__The task__
Scan the entries below and return each line that contains "Image".

__Material supplied__
━━━━━━━━━━━━━━━━

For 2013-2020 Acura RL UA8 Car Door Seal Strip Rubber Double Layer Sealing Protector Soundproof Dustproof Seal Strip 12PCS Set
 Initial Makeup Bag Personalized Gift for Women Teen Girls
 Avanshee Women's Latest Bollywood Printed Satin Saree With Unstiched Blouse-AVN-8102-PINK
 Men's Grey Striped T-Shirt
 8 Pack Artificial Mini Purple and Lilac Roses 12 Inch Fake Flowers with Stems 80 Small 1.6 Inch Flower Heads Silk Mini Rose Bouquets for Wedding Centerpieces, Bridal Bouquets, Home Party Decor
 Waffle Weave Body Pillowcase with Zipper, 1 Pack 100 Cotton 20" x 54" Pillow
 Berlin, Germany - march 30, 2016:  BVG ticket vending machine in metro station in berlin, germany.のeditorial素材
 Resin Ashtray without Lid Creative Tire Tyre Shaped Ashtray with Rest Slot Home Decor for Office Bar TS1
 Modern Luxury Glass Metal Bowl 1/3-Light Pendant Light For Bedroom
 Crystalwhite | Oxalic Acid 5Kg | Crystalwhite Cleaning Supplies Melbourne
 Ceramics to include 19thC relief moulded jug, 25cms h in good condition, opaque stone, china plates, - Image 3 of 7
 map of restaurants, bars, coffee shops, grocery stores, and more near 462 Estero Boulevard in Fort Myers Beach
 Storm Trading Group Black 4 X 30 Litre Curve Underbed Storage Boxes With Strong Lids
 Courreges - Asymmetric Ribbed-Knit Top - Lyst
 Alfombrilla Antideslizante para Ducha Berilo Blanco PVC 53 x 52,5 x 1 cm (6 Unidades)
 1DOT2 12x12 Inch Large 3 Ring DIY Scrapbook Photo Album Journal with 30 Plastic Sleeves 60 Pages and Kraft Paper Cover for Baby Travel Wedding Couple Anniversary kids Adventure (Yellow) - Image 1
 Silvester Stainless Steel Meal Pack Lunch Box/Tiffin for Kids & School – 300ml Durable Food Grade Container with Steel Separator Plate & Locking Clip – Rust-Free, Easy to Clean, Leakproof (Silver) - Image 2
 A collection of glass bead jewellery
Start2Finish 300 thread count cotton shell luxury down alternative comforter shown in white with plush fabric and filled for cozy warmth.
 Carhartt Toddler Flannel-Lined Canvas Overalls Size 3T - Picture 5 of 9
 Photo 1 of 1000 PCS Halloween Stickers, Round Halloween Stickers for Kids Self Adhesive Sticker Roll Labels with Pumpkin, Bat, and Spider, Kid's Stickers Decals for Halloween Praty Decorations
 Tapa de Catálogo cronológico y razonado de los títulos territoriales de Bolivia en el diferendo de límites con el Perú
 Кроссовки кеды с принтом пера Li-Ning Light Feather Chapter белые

━━━━━━━━━━━━━━━━

__Solution for this task__
 Ceramics to include 19thC relief moulded jug, 25cms h in good condition, opaque stone, china plates, - Image 3 of 7
 1DOT2 12x12 Inch Large 3 Ring DIY Scrapbook Photo Album Journal with 30 Plastic Sleeves 60 Pages and Kraft Paper Cover for Baby Travel Wedding Couple Anniversary kids Adventure (Yellow) - Image 1
 Silvester Stainless Steel Meal Pack Lunch Box/Tiffin for Kids & School – 300ml Durable Food Grade Container with Steel Separator Plate & Locking Clip – Rust-Free, Easy to Clean, Leakproof (Silver) - Image 2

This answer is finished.